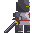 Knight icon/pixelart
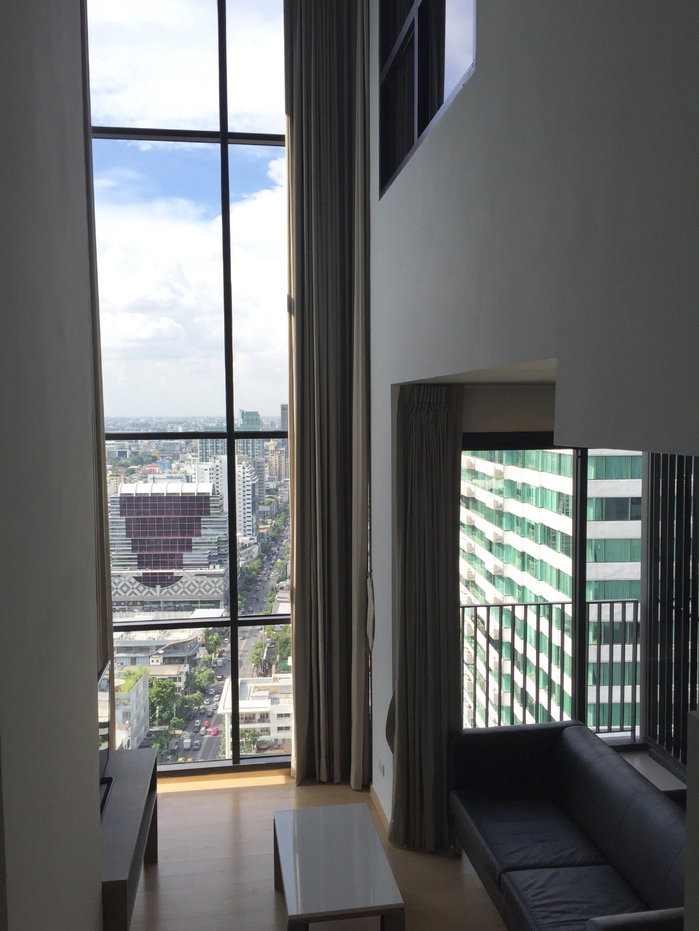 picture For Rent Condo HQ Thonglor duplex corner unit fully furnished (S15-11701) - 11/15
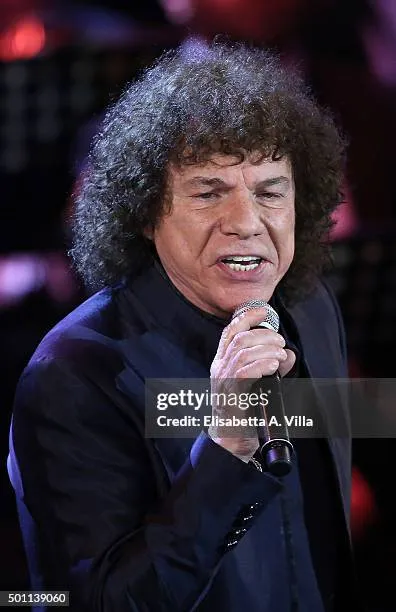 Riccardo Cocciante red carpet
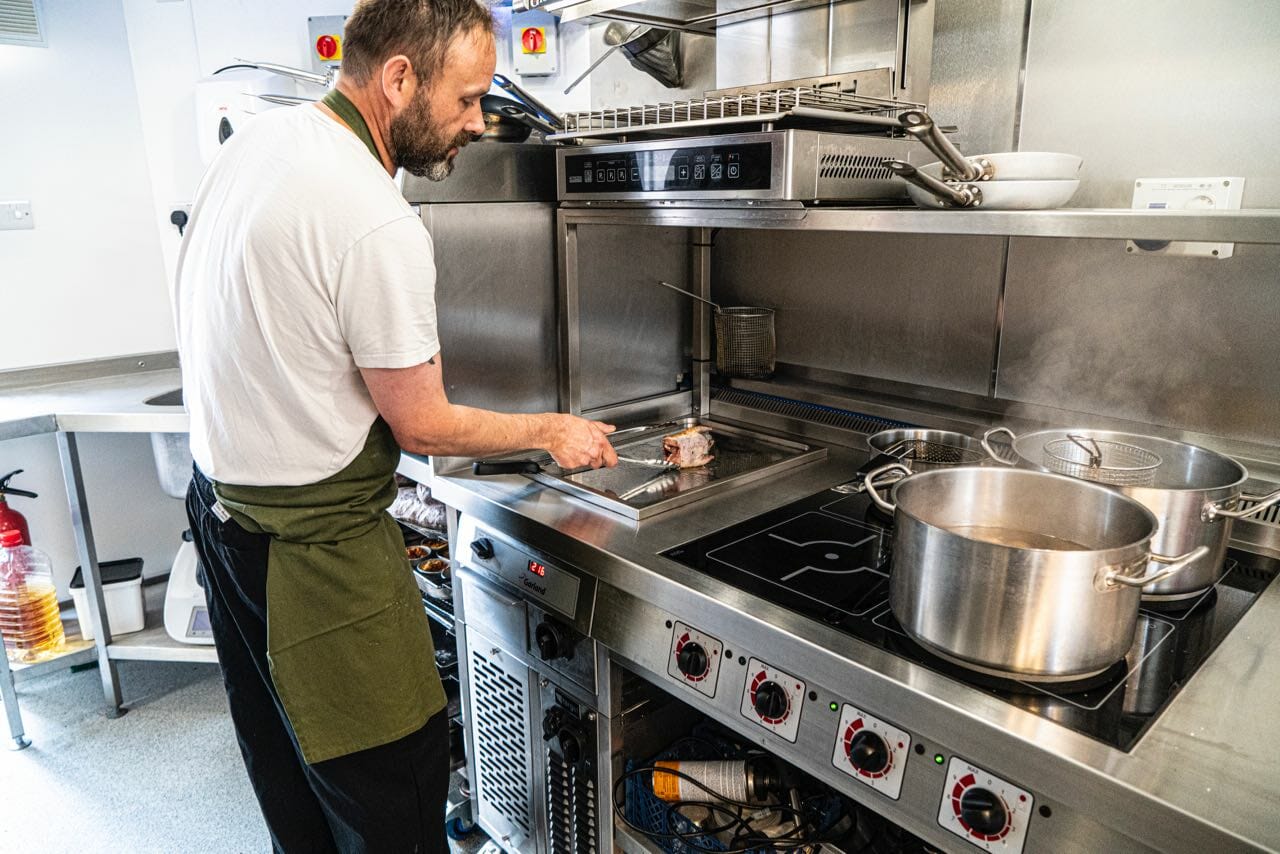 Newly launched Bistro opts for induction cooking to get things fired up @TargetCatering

┄┄┄┄┄┄

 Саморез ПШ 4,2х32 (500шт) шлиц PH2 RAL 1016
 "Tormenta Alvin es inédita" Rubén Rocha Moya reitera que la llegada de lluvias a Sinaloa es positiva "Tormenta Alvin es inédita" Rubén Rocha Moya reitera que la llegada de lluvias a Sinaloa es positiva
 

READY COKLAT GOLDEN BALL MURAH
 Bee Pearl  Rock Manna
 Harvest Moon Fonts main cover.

┄┄┄┄┄┄

• _PROBLEM TO SOLVE_:
Pictures in the material above should be skipped; print exactly the lines from the one with "picture For Rent" through the one with "Newly launched Bistro".

• _WRITTEN SOLUTION_:
 picture For Rent Condo HQ Thonglor duplex corner unit fully furnished (S15-11701) - 11/15
 Riccardo Cocciante red carpet
 Newly launched Bistro opts for induction cooking to get things fired up @TargetCatering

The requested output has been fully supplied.